_WORK INSTRUCTIONS_. Copy, from the entries below, each line where the word "xDrive" can be found.

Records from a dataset
= Beginning of Section =

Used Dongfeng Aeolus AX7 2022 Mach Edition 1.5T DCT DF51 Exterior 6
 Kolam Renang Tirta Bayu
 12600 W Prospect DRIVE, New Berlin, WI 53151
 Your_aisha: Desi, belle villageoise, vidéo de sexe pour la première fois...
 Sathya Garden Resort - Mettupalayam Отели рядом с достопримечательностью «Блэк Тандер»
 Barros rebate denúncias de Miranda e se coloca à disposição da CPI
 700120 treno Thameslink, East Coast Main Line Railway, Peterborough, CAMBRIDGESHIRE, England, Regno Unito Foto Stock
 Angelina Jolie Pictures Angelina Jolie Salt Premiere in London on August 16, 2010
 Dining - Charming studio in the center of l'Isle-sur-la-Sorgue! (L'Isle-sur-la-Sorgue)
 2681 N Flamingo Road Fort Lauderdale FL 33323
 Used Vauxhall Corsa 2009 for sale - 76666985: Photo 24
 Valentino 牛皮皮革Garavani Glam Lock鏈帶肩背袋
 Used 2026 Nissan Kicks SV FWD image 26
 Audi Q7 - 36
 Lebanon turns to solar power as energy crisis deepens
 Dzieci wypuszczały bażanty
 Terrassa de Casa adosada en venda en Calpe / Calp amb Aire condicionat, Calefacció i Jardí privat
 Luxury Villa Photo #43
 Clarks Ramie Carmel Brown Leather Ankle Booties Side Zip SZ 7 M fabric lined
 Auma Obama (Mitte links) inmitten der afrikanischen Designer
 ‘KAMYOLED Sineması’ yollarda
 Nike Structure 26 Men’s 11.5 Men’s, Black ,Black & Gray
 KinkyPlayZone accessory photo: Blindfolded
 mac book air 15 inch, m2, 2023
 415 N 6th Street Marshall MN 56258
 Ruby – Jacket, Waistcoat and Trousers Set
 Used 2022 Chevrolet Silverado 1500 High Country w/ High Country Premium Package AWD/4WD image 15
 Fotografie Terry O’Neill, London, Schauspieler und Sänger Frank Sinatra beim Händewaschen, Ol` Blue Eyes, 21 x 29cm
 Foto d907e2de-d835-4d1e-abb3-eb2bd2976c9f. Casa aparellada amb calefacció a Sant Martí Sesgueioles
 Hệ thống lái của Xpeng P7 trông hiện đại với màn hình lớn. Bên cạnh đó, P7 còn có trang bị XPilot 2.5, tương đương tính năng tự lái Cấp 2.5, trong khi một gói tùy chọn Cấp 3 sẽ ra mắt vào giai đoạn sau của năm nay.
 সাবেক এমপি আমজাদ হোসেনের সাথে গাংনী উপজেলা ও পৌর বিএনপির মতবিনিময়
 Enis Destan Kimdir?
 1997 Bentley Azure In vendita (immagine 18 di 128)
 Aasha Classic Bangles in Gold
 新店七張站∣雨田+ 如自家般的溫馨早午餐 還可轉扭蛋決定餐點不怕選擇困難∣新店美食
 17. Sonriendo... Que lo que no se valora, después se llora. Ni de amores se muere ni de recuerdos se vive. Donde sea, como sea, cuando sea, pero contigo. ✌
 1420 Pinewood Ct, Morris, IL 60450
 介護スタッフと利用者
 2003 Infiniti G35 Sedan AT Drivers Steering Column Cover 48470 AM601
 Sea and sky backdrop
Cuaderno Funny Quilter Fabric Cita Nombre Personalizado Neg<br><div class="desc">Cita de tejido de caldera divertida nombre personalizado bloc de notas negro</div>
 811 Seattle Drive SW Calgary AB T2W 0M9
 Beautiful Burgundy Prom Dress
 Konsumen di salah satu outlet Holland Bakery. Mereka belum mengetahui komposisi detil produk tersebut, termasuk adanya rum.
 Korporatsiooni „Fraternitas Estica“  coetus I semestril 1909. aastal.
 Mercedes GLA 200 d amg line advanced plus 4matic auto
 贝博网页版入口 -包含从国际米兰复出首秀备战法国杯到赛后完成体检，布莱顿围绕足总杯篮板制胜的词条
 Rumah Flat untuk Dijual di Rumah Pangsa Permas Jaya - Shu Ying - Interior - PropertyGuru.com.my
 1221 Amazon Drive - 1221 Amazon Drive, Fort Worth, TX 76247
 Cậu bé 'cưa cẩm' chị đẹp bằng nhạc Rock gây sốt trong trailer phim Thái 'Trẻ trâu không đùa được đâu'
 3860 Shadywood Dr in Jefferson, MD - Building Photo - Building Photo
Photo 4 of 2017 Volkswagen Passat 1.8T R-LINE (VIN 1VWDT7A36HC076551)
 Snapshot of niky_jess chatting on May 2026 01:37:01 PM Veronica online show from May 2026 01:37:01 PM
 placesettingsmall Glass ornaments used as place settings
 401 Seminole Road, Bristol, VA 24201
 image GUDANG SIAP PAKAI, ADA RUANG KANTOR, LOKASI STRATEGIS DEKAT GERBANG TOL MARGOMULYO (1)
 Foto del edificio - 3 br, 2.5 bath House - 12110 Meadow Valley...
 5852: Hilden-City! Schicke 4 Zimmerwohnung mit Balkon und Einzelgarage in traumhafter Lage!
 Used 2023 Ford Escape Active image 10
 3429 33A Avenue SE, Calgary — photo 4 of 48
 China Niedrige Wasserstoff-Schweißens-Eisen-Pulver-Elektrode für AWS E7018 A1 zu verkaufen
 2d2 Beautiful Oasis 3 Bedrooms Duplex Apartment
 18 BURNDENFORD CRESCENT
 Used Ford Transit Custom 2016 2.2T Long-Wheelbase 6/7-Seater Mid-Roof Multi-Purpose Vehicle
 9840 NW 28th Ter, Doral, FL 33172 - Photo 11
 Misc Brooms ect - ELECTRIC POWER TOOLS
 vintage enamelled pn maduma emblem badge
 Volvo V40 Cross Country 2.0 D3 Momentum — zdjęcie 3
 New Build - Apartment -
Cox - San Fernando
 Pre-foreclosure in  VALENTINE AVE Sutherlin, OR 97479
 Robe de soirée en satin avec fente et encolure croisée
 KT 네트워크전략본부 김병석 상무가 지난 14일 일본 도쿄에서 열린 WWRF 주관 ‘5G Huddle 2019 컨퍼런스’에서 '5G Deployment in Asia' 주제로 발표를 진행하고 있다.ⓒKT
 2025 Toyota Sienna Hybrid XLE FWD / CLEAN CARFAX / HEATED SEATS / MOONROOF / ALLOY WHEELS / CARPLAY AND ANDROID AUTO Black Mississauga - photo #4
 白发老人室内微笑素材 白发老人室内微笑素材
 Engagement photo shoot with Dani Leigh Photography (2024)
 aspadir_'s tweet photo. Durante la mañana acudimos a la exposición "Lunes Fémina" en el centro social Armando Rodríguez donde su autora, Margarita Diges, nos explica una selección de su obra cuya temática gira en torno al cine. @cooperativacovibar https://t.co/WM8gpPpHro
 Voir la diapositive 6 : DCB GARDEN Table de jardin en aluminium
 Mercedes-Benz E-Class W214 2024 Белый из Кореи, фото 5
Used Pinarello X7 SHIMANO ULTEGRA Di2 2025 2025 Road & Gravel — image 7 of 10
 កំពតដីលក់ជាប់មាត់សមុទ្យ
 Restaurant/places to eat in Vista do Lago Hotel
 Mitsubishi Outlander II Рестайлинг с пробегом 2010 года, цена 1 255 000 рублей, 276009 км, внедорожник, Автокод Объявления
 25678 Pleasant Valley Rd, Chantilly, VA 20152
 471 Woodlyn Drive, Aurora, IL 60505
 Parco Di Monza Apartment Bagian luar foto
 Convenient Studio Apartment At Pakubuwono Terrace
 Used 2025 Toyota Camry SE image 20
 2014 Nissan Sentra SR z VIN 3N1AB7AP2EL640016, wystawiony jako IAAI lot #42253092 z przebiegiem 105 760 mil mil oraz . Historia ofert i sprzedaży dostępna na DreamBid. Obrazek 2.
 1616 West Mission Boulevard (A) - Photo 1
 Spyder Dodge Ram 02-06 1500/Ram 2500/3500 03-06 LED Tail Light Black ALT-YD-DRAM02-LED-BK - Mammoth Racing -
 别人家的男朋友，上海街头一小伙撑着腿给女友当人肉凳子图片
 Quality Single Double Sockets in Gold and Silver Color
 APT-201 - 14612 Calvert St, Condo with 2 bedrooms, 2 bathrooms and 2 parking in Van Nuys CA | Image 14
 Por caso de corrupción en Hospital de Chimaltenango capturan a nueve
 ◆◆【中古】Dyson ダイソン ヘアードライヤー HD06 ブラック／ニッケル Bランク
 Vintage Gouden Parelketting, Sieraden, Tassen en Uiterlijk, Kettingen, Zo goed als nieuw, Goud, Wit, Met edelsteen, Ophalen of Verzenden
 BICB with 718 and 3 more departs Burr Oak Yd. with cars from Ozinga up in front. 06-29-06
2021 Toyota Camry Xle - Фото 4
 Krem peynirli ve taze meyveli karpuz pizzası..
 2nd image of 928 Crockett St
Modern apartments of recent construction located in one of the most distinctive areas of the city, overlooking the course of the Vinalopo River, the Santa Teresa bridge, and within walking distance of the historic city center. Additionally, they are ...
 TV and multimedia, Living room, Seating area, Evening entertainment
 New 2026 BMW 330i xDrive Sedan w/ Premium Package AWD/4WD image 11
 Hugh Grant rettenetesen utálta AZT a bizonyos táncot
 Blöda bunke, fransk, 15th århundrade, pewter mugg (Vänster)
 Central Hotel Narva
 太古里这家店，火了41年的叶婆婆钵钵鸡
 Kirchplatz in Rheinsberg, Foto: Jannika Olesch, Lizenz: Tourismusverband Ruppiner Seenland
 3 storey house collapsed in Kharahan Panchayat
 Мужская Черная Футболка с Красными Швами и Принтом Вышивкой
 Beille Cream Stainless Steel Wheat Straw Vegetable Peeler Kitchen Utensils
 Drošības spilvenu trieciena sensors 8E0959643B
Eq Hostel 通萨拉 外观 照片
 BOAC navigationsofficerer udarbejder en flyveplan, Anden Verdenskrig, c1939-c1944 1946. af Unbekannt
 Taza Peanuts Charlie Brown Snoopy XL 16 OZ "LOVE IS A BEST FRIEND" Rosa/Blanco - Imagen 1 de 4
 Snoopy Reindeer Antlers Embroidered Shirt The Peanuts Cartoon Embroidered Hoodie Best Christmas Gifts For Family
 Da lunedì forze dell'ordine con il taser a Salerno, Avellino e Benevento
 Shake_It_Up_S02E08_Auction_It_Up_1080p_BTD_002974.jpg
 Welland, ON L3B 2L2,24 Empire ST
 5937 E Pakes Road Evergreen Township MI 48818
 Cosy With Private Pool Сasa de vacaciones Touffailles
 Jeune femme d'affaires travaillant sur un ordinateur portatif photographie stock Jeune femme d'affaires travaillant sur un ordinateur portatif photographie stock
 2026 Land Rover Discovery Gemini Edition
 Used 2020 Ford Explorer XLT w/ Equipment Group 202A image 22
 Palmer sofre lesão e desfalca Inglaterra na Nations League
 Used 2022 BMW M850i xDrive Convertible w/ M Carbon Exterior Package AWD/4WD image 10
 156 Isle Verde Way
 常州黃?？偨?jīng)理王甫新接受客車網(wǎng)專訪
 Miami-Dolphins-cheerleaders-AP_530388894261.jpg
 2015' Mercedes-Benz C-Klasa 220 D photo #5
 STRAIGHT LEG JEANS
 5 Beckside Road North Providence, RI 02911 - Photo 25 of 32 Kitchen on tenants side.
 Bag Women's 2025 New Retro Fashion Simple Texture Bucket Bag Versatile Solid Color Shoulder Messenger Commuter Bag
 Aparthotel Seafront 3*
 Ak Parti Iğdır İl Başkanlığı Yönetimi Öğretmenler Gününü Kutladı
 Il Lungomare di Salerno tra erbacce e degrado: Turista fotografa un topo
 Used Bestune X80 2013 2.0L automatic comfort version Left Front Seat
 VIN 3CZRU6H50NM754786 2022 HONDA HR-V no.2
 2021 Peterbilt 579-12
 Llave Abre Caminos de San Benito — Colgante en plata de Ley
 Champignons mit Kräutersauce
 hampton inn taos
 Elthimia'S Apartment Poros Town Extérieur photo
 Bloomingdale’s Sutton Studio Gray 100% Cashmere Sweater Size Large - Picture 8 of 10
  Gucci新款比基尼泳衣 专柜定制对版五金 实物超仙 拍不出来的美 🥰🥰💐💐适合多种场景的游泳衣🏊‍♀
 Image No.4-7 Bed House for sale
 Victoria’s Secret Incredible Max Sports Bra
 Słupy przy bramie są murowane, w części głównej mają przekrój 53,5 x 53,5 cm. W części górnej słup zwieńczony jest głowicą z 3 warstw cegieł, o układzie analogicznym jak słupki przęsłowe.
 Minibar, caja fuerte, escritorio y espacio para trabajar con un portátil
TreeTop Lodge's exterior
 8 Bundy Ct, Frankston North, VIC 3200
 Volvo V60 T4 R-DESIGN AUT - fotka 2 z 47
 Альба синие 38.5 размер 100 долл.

= End of Section =

_ANSWER FOR THE TASK_.
 New 2026 BMW 330i xDrive Sedan w/ Premium Package AWD/4WD image 11
 Used 2022 BMW M850i xDrive Convertible w/ M Carbon Exterior Package AWD/4WD image 10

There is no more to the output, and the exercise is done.